Josephus does mention two men named Rufus: a Roman solder, who captures and crucifies a Jewish partisan, and a captain (Terentius Rufus) who is associated with Simon bar Giora; and in a section about the revolt in Cyrene he mentions a Jew named Alexander who was falsely accused. (War book 6)
Simon bar Giora has been mentioned a couple of times in this thread, but there is a 99 years old discussion of this passage that, as far as I can see, is not mentioned above. Although this discussion is part of a bizarre book that, for example, extremely defames Josephus, in my opinion the arguments of the authors shed an interesting light on the passage of Simon of Cyrene and his sons Alexander and Rufus.
In the thread ‘The woman with the hemorrhage, a political story?’ (on page 6) DCHindley mentioned the book ‘Simon Son of Man’ (with a long subtitle), written by John I. Riegel and John H. Jordan in 1917. DCHindley guided me to the book on the internet and I am actually reading it. On page 95-97 the authors discuss Simon of Cyrene, a discussion out of which I eliminate the substantial and daring philological part. I cannot evaluate it as I haven’t mastered Hebrew.
So here I only take into account Riegel’s and Jordan’s non-philological arguments. These are as follows:
• It is quite improbable (quote) ‘that a Jewish parent bearing the distinctively Hebrew name of Simon should depart so far from his ancestral customs as to give one of his sons a Greek and the other a Latin name.’ (end of quote)
• In this story the father is identified through two sons, in contrast to the normal use in those days, where men were usually identified through their fathers. The identities of the sons (quote) ‘have not been established or have disappeared forever from the pages of human history.’ (end of quote)
• There is only one event in Jewish history where Alexander and Rufus can be linked to each other.
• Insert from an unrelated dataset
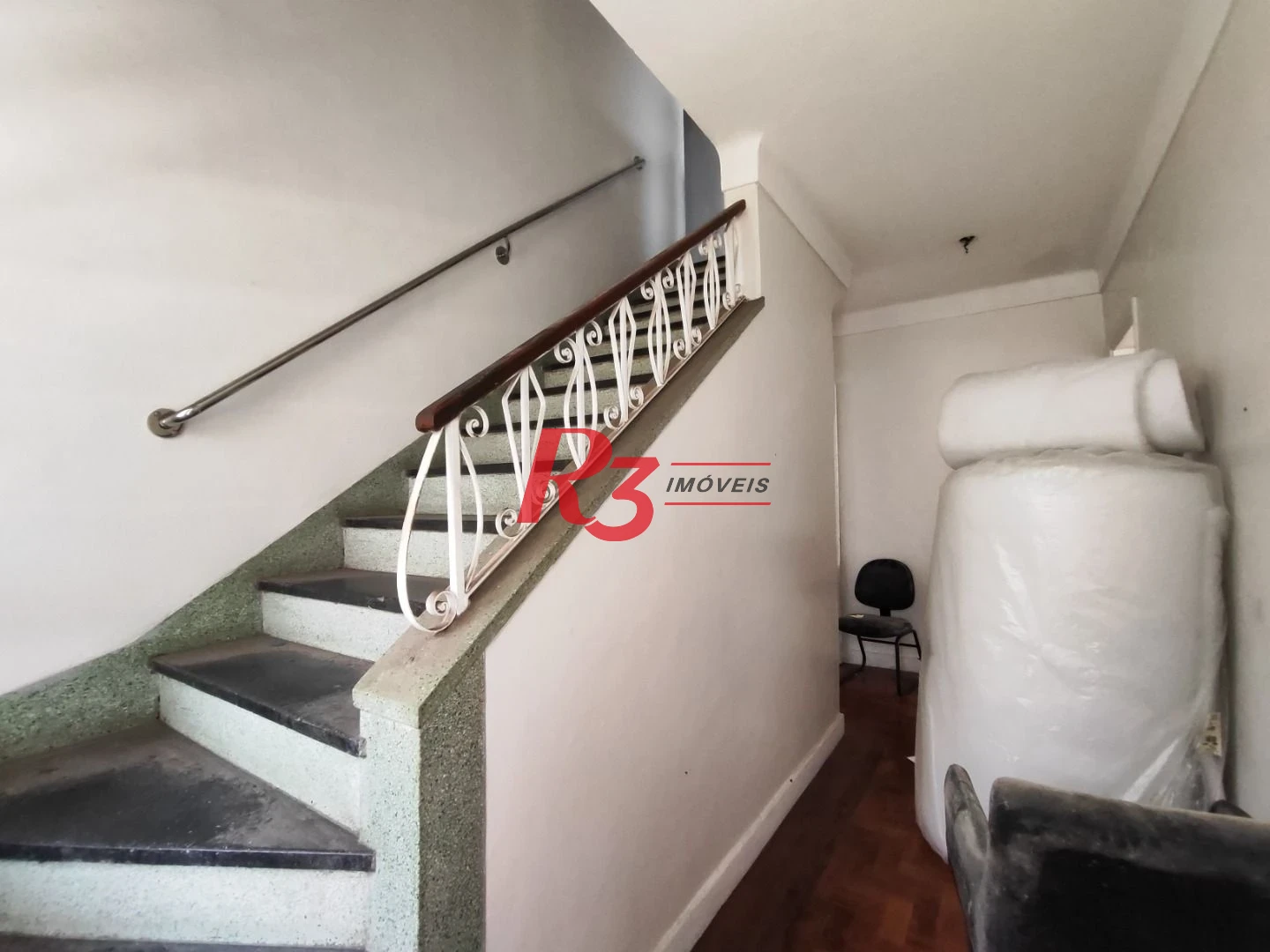 R3 REAL ESTATE VENDE! Sobrado com 3 dormitórios, 346 m² por R$ 4.640.000 - Boqueirão - Santos/SP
They are Tiberius Alexander and Terentius Rufus, two generals under Titus at the siege of Jerusalem.
The first two arguments are not really specific, but they suggest that perhaps not a real-life family has been put on the stage here. The third argument is an important one, because it draws attention to a historical Simon – Alexander – Rufus combination that may be unique in ancient history. In this historical combination however, Simon on the one hand and Alexander and Rufus on the other are not father and sons, but military opponents, as Simon bar Giora was the commander-in-chief of the defenders of Jerusalem. That exactly the generals Alexander and Rufus are mentioned is understandable. Tiberius Alexander was the chief of staff of the Roman army under Titus, so he was Simon bar Giora’s opponent with the same function. Why Rufus is mentioned becomes clear from the quote from Josephus’s War below. I summarize the previous sentences.
At the capture of Jerusalem Simon bar Giora hided in an underground passage in the hope to escape through a tunnel to be mined. But the work was in vain and Simon was forced to leave his hiding place. (quote) ‘So Simon, thinking that he could deceive the Romans by creating a panic, dressed himself up in white tunics and, fastening over them a purple cape, he emerged suddenly out of the ground on the very spot where the Temple had once stood. At first those who saw him stood aghast and did not move, but after a while they came nearer and asked who he was. This Simon refused to tell, and bade them summon the general. They ran to fetch him, and Terentius Rufus, left in command of the army, appeared at once. After hearing the whole truth from Simon, he kept him fettered and reported to Caesar how he was captured.’ (end of quote) (War VII, 29-31). (Caesar = Titus) Terentius Rufus is not mentioned haphazardly as a second general, but because he was the Roman general who arrested Simon.
As my research has pointed out that Jesus was active as a rebel leader during the war of the Jews against the Romans, it becomes clear why Simon bar Giora is introduced in Mark’s gospel. Simon was Jesus’ commander and so he deserved a place in the story, together with his Roman adversaries Tiberius Alexander and Terentius Rufus.
After I discovered Simon bar Giora in the parable of the ten pounds in the Gospel of Luke, this might be a second mention of Simon in the Gospels, albeit in disguise both times, understandably.
With thanks to DCHindley for drawing my attention to Riegel’s and Jordan’s ‘Simon Son of Man’.